ABOUT THIS EXERCISE: Repeat, exactly as written, all of the entries, but not their pictures.

DATA SECTION:
========================================
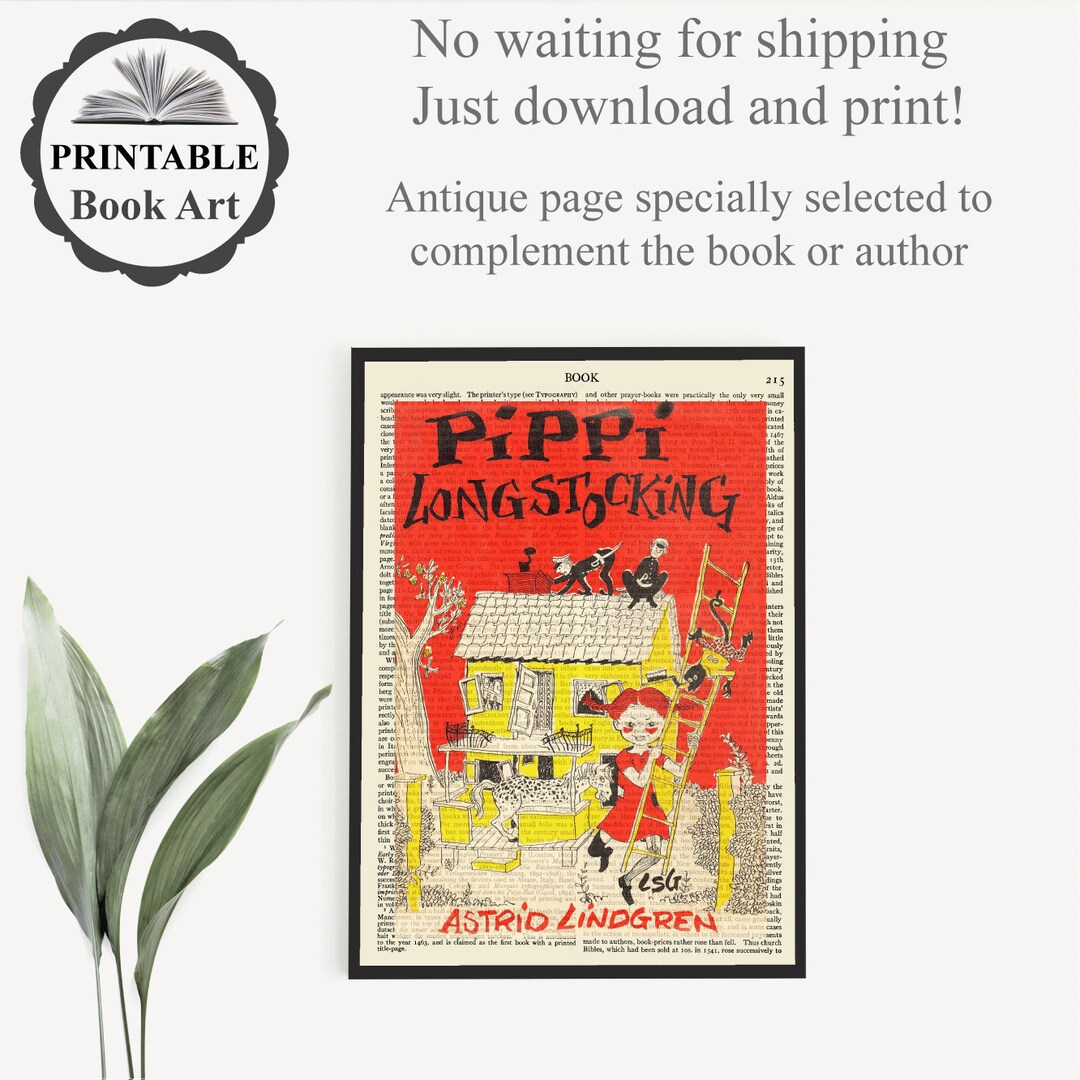 Printable 'pippi Longstocking' Book Cover Art on Old - Etsy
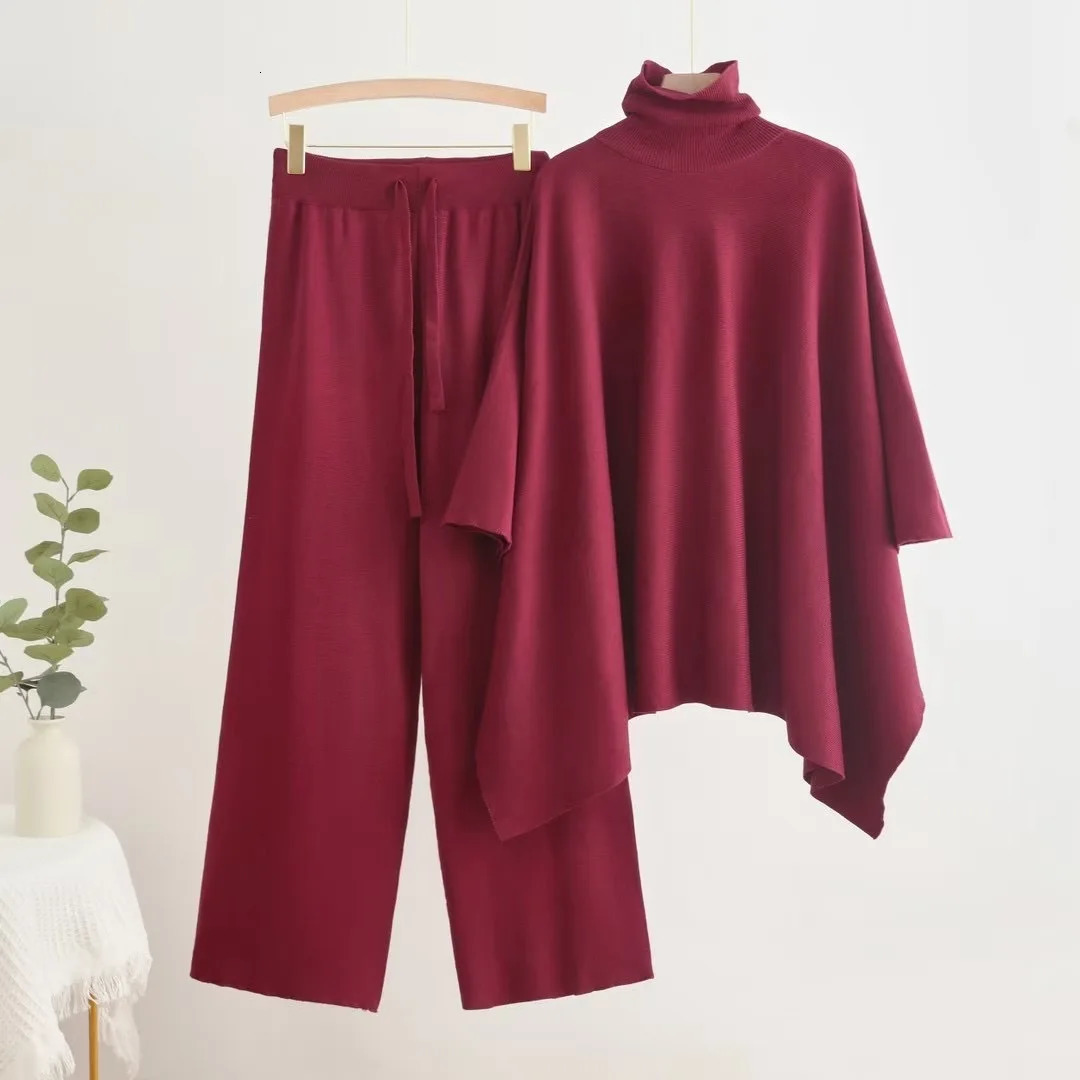 Elegant Knitted 2 Piece Sets Women Turtleneck Long Sleeve Knitwears Sweater Conjuntos Casual High Waist Sweatpants Outfit 241209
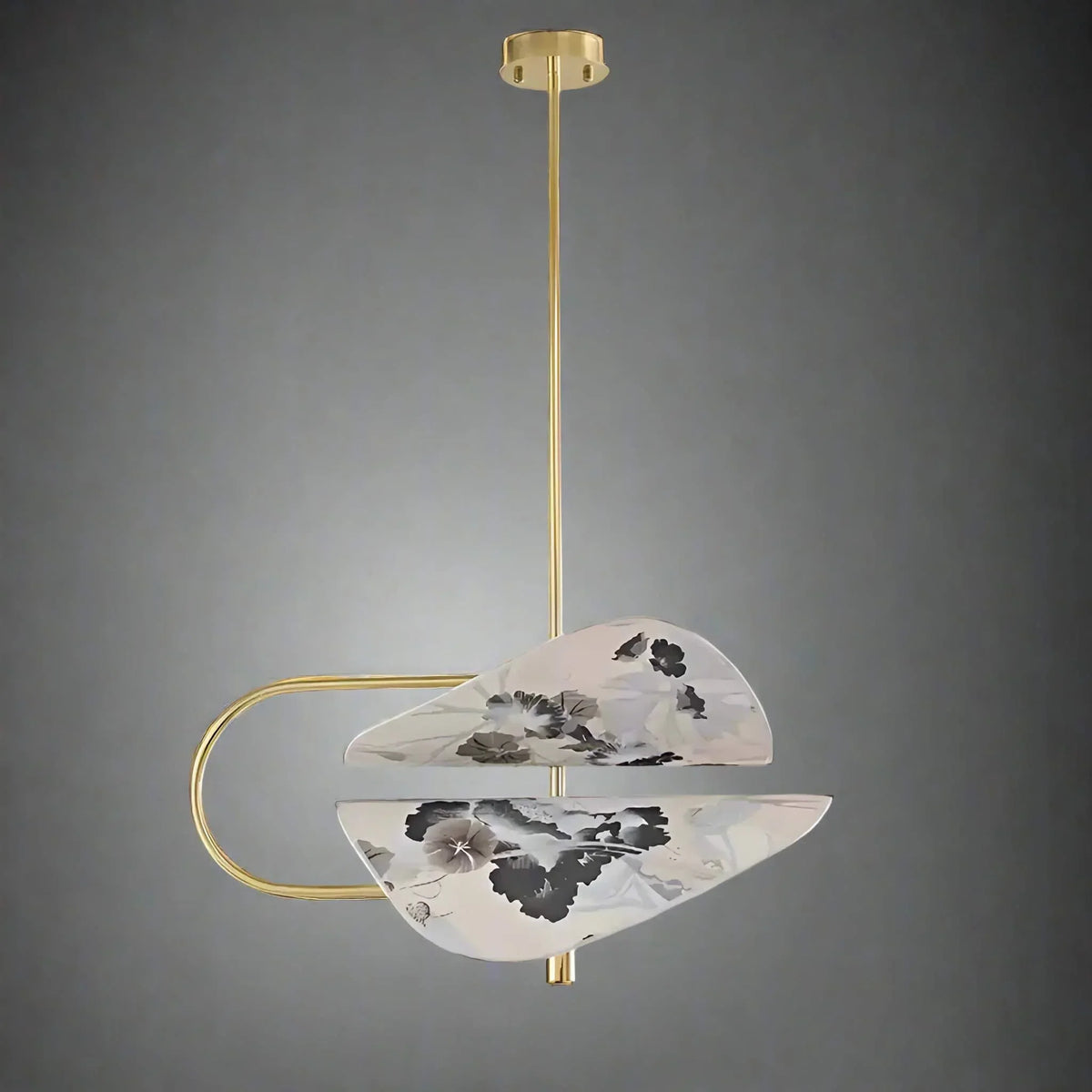 Floral Fabric Pendant White and Brass | Glare Free Lit Panel Over a Dining Table Sculptural Shade Casalola Lights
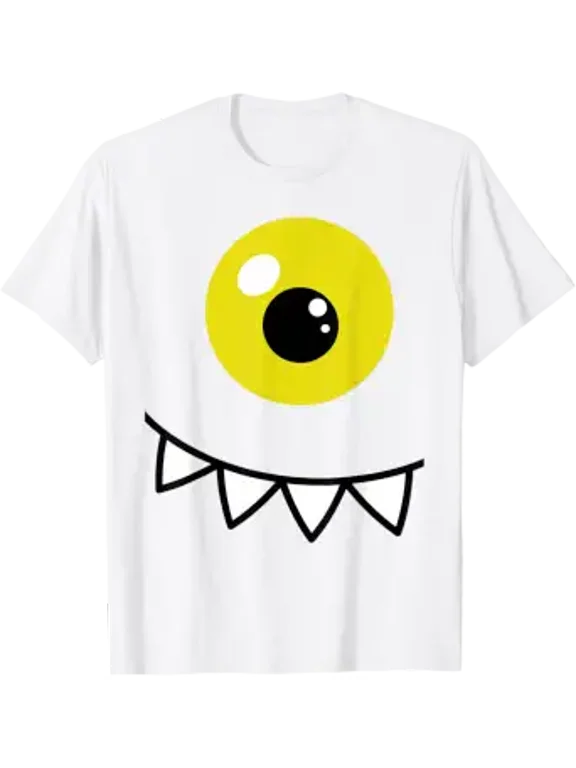 Cyclops Monster Face with Big Yellow Eye and Sharp Teeth T-Shirt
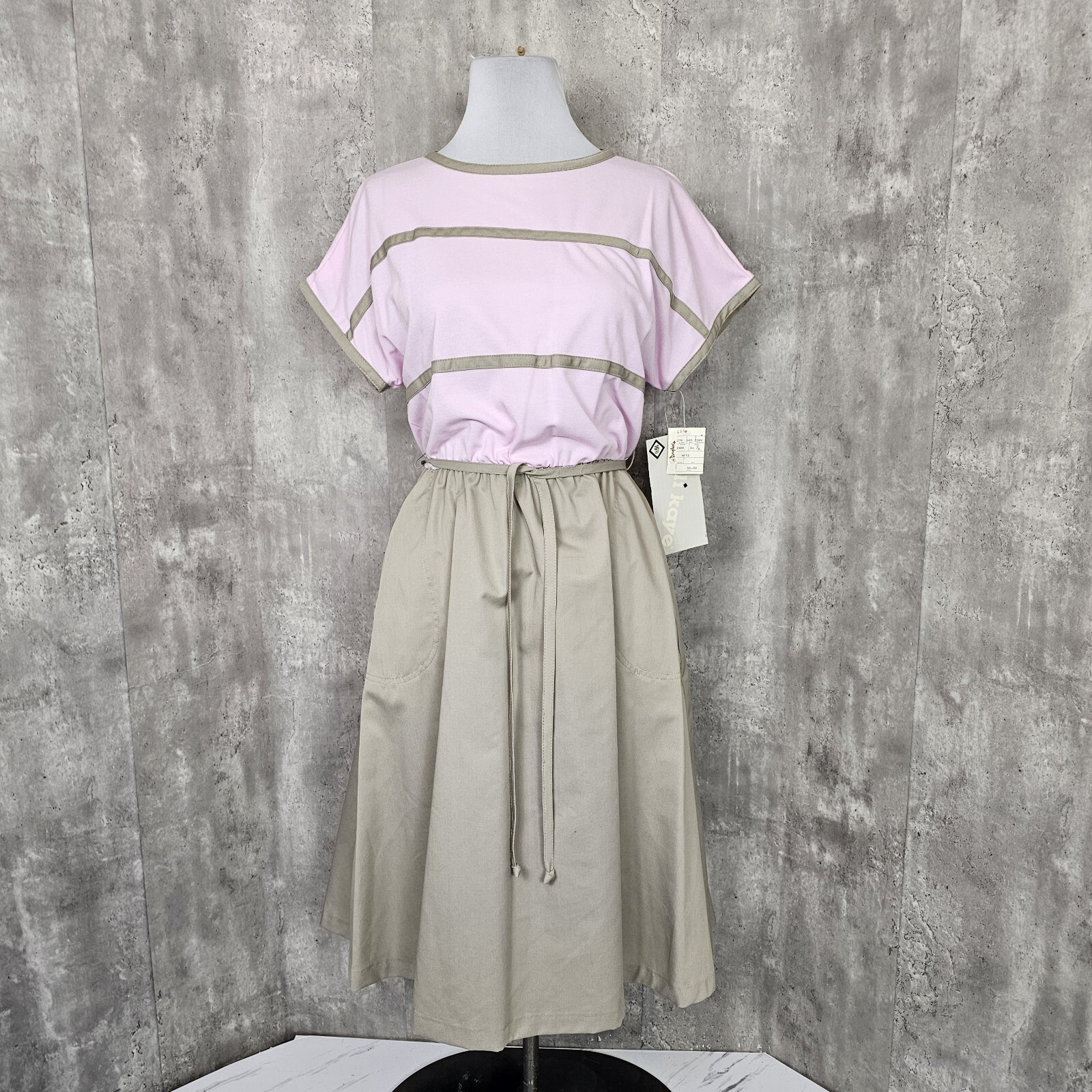 Vintage 80s Kelli Kaye Lilac Tan Midi Dress NWT USA 16 1/2 Pastel Soft Retro Mod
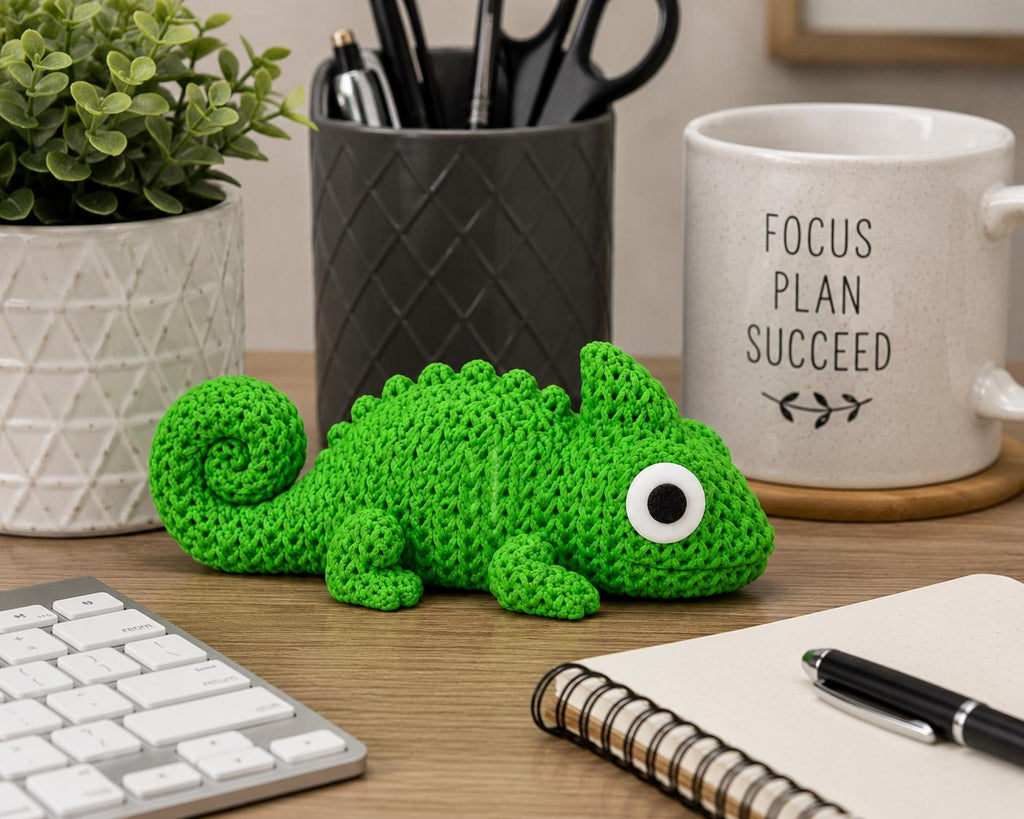 Knitted Chameleon Figurine | Textured 3D Printed Reptile Shelf Sitter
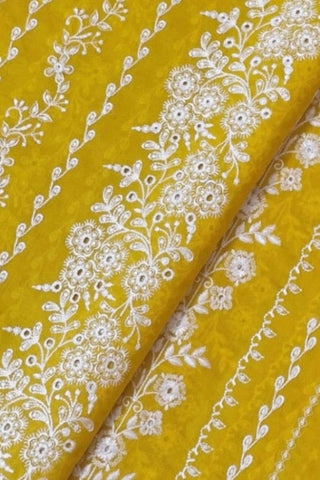 Fabareeze Yellow 3 PC Chikankari Lawn Embroidered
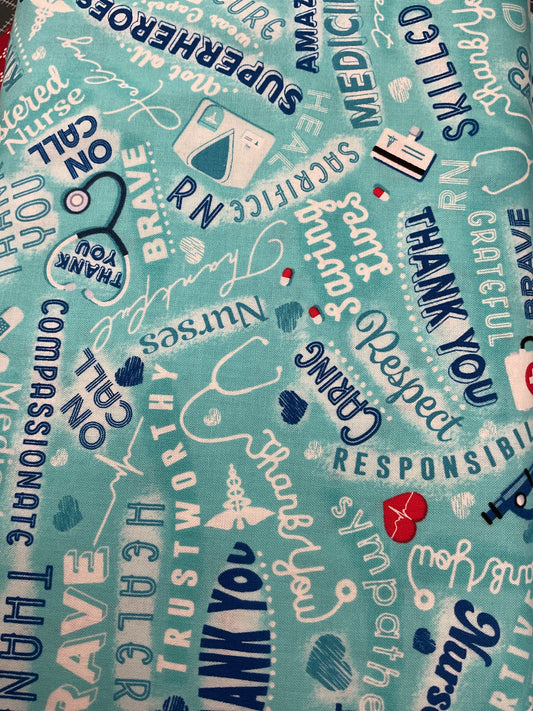 Healthcare Thanks - Aqua - Timeless Treasures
========================================
TASK RESULT:
 Printable 'pippi Longstocking' Book Cover Art on Old - Etsy
 Elegant Knitted 2 Piece Sets Women Turtleneck Long Sleeve Knitwears Sweater Conjuntos Casual High Waist Sweatpants Outfit 241209
 Floral Fabric Pendant White and Brass | Glare Free Lit Panel Over a Dining Table Sculptural Shade Casalola Lights
 Cyclops Monster Face with Big Yellow Eye and Sharp Teeth T-Shirt
 Vintage 80s Kelli Kaye Lilac Tan Midi Dress NWT USA 16 1/2 Pastel Soft Retro Mod
 Knitted Chameleon Figurine | Textured 3D Printed Reptile Shelf Sitter
 Fabareeze Yellow 3 PC Chikankari Lawn Embroidered
 Healthcare Thanks - Aqua - Timeless Treasures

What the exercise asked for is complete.